RECORDS SHOWN »
────
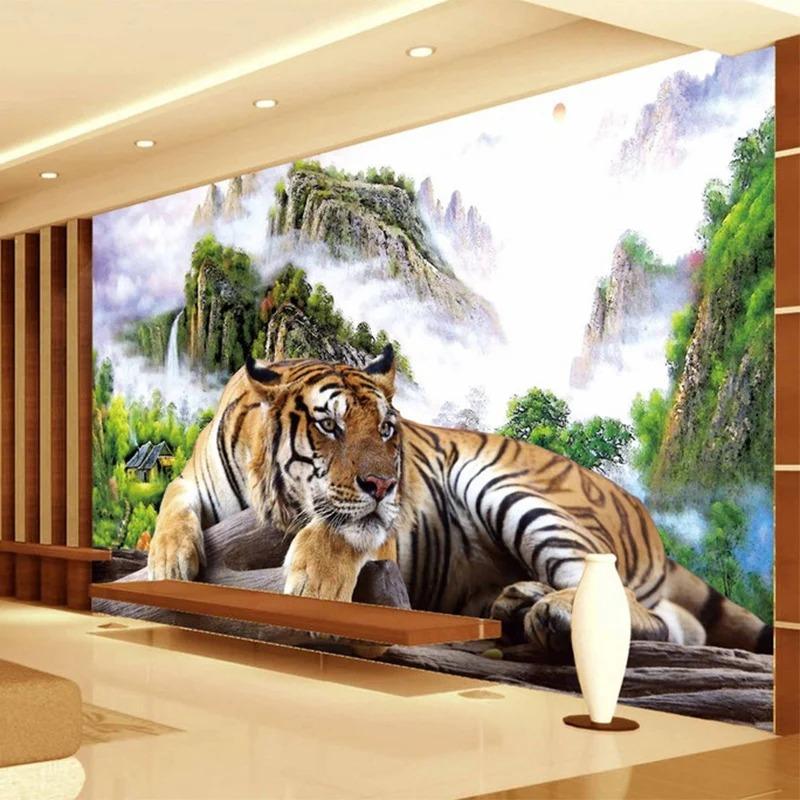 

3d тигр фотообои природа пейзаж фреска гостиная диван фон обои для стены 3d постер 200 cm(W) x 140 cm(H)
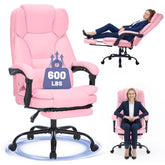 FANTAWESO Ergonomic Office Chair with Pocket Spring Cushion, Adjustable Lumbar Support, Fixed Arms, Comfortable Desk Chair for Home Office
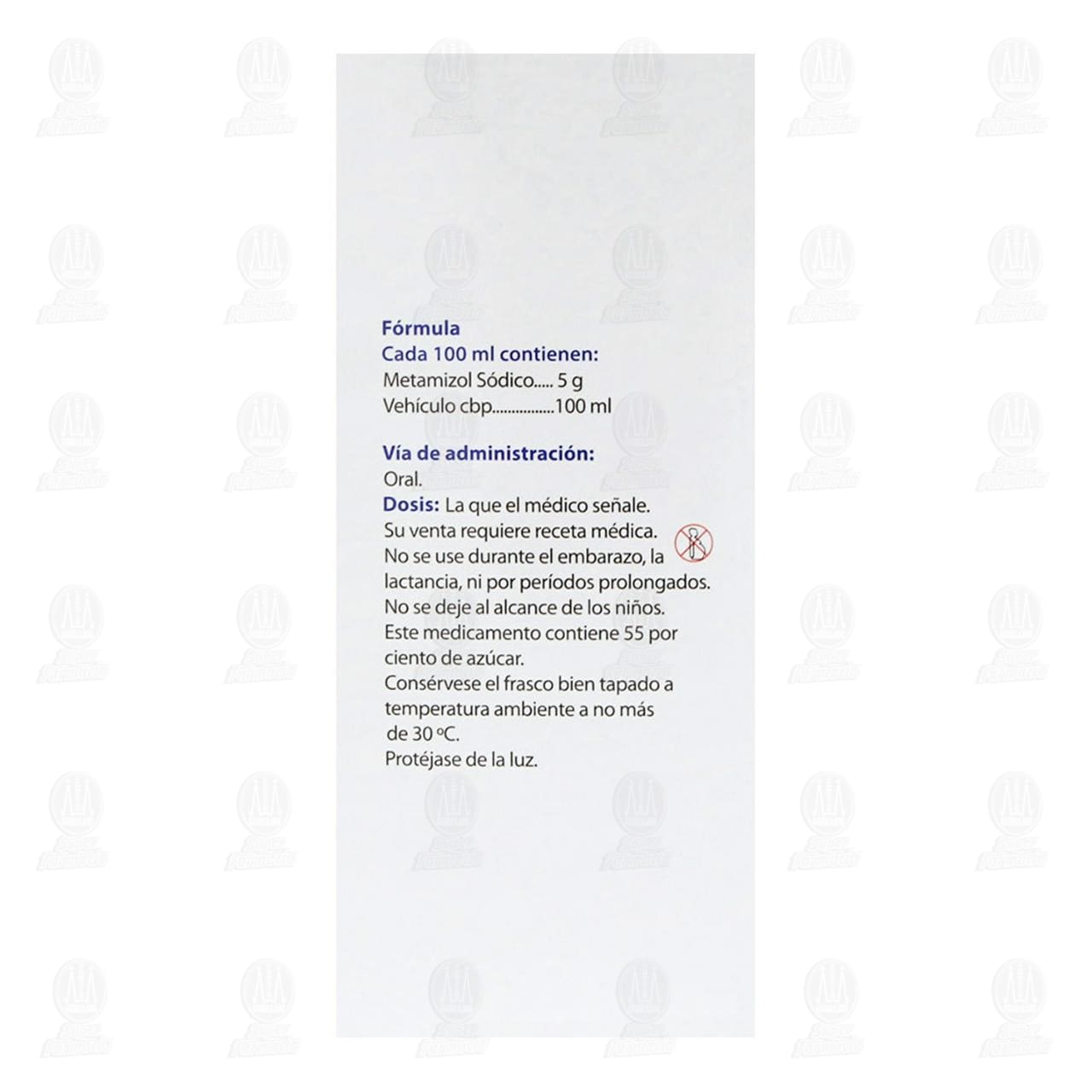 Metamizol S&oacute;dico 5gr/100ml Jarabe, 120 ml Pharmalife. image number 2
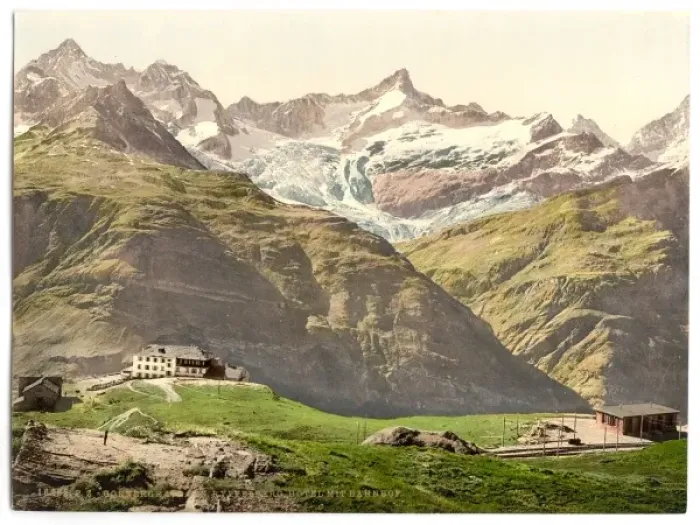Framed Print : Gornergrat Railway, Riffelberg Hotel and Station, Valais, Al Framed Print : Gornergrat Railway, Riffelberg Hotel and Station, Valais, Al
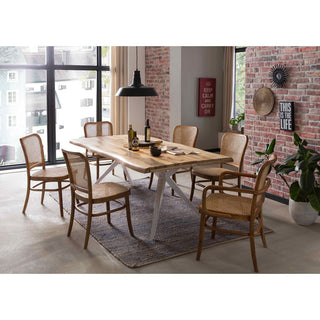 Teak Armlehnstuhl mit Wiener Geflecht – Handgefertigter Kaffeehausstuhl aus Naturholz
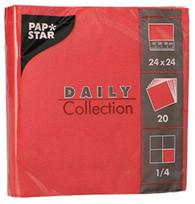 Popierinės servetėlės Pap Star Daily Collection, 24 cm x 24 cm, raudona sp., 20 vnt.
────
TASK STATEMENT »
Please transcribe every entry above exactly, leaving out any pictures.

OUTPUT FOR THIS TASK »
3d тигр фотообои природа пейзаж фреска гостиная диван фон обои для стены 3d постер 200 cm(W) x 140 cm(H)
 FANTAWESO Ergonomic Office Chair with Pocket Spring Cushion, Adjustable Lumbar Support, Fixed Arms, Comfortable Desk Chair for Home Office
 Metamizol S&oacute;dico 5gr/100ml Jarabe, 120 ml Pharmalife. image number 2
Framed Print : Gornergrat Railway, Riffelberg Hotel and Station, Valais, Al Framed Print : Gornergrat Railway, Riffelberg Hotel and Station, Valais, Al
 Teak Armlehnstuhl mit Wiener Geflecht – Handgefertigter Kaffeehausstuhl aus Naturholz
 Popierinės servetėlės Pap Star Daily Collection, 24 cm x 24 cm, raudona sp., 20 vnt.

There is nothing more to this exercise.